Broken Memories: Detecting and Mitigating Memorization in Diffusion Models with Degraded Generations
This work addresses privacy and copyright risks in diffusion models by providing a practical, on-the-fly method to detect and suppress memorization without degrading image quality.
The paper identifies that memorization in diffusion models causes internal numerical instability, leading to 'broken' artifacts. It proposes a detection and mitigation framework achieving AUC >0.999 detection and 0.0% memorization rate with negligible overhead.

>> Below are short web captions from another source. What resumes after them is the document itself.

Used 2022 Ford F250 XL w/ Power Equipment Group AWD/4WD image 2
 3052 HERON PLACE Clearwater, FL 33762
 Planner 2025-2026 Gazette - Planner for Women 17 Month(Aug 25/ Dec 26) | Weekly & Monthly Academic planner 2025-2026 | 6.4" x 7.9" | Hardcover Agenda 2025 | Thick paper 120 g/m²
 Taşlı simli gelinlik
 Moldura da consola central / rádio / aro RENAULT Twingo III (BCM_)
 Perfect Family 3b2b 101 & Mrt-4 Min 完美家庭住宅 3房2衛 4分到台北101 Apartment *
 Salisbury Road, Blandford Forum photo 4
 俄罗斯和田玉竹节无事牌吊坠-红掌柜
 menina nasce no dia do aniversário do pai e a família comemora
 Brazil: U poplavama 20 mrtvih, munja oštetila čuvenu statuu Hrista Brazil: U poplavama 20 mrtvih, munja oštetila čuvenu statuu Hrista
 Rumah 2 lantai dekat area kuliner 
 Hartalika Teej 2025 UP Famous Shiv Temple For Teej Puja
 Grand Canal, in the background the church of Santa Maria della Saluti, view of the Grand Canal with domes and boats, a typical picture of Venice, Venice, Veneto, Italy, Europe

While diffusion models excel at generating high-quality images, their tendency to memorize training data poses significant privacy and copyright risks. In this work, we for the first time identify that memorization induces internal numerical instability, often manifesting as visually ``broken'' artifacts. Inspired by stability analysis in numerical methods, we introduce empirical stability regions based on latent update norms to quantitatively characterize stable behavior during generation. Leveraging this, we propose a principled, on-the-fly framework for step-wise detection and adaptive mitigation. Our approach suppresses memorization without altering prompts or guidance, thereby preserving semantic fidelity and image quality. Extensive experiments on Stable Diffusion 1.4 demonstrate that our method achieves an AUC $>0.999$ detection performance and a $0.0\%$ memorization rate after mitigation with negligible overhead ($\approx0.01$s per image).